*** Block opens ***

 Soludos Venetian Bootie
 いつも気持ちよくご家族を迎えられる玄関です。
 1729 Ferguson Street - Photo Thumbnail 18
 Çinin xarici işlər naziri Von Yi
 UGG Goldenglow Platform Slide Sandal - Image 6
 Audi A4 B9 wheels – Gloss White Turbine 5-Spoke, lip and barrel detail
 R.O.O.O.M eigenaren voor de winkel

*** Block closes ***
*** Block opens ***

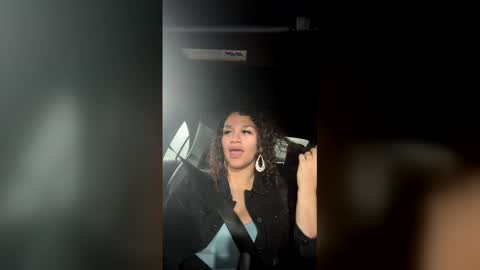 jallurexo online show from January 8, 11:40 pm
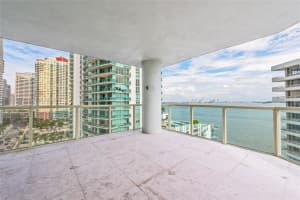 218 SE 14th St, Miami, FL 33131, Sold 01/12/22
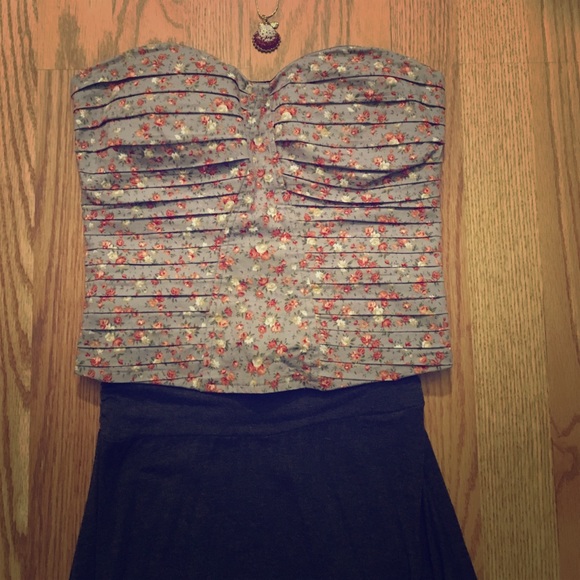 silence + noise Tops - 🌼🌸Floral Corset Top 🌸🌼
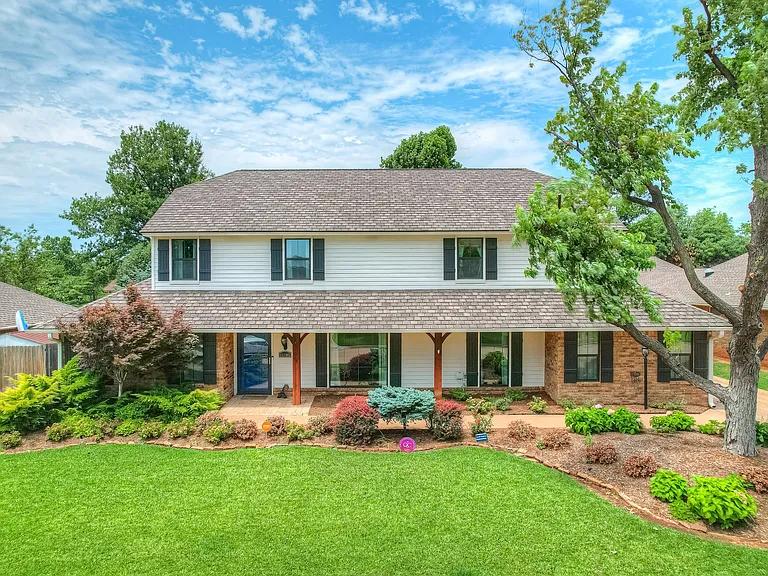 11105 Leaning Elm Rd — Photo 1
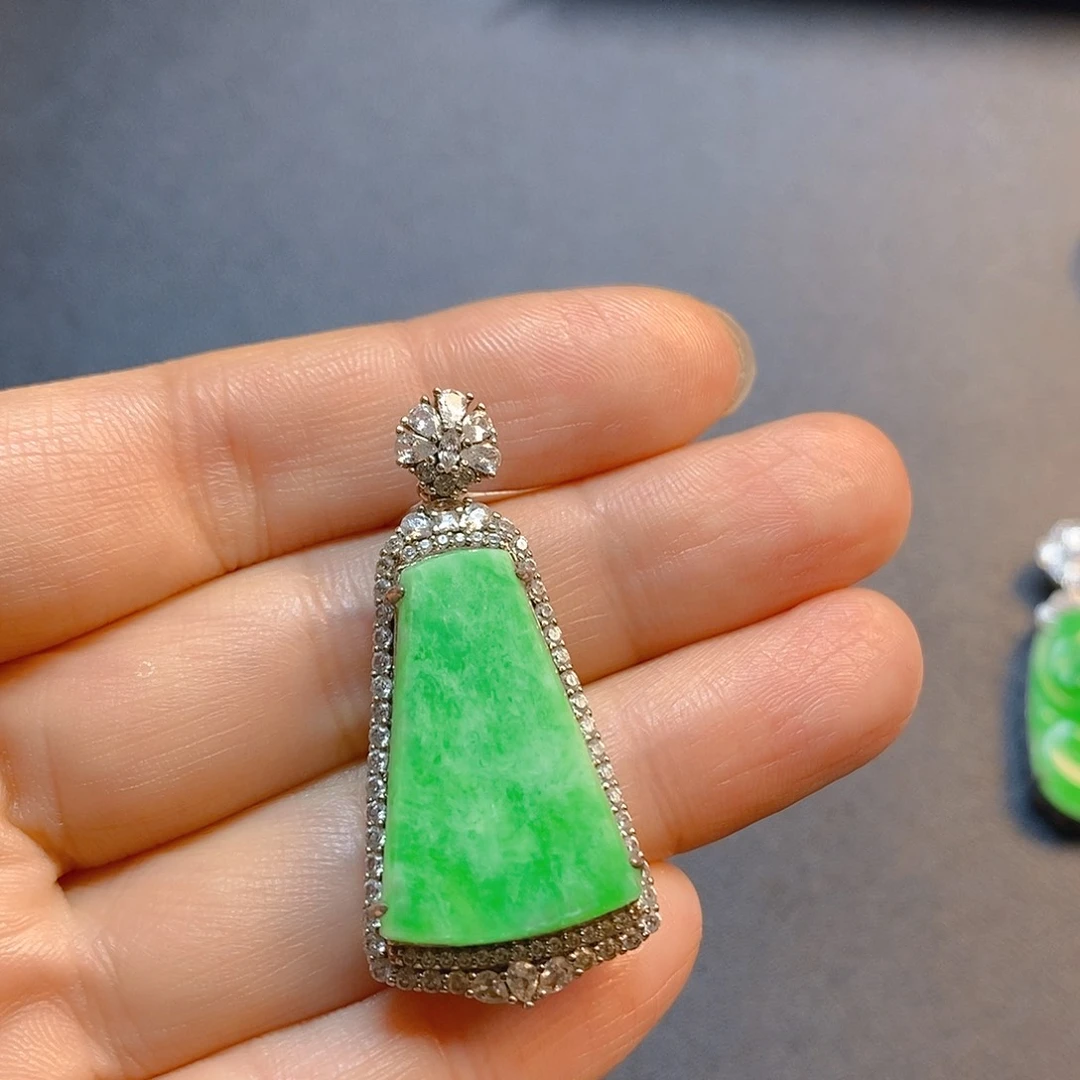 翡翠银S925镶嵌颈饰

*** Block closes ***
*** Block opens ***

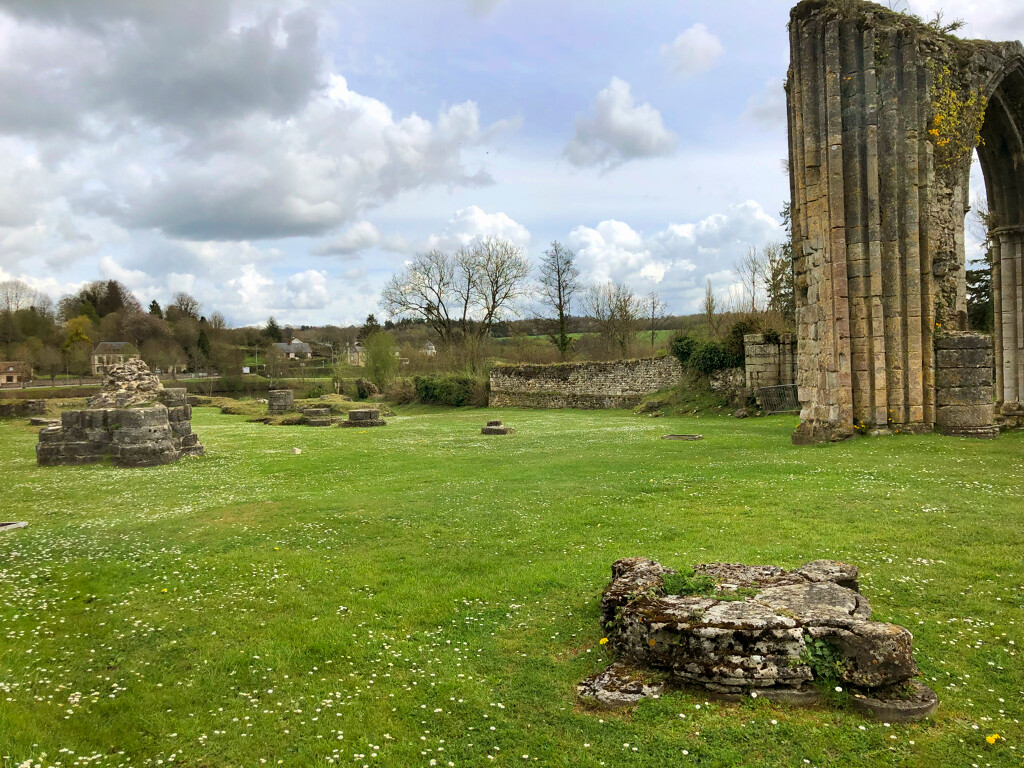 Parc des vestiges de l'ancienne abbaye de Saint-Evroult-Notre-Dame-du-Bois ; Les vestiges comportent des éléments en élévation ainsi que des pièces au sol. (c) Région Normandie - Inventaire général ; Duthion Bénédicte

*** Block closes ***

Everything from the line with "1729 Ferguson Street - Photo Thumbnail 18" through the line with "R.O.O.O.M eigenaren voor de winkel" should be written out exactly as it appears above, end lines included, and nothing outside that range.

 1729 Ferguson Street - Photo Thumbnail 18
 Çinin xarici işlər naziri Von Yi
 UGG Goldenglow Platform Slide Sandal - Image 6
 Audi A4 B9 wheels – Gloss White Turbine 5-Spoke, lip and barrel detail
 R.O.O.O.M eigenaren voor de winkel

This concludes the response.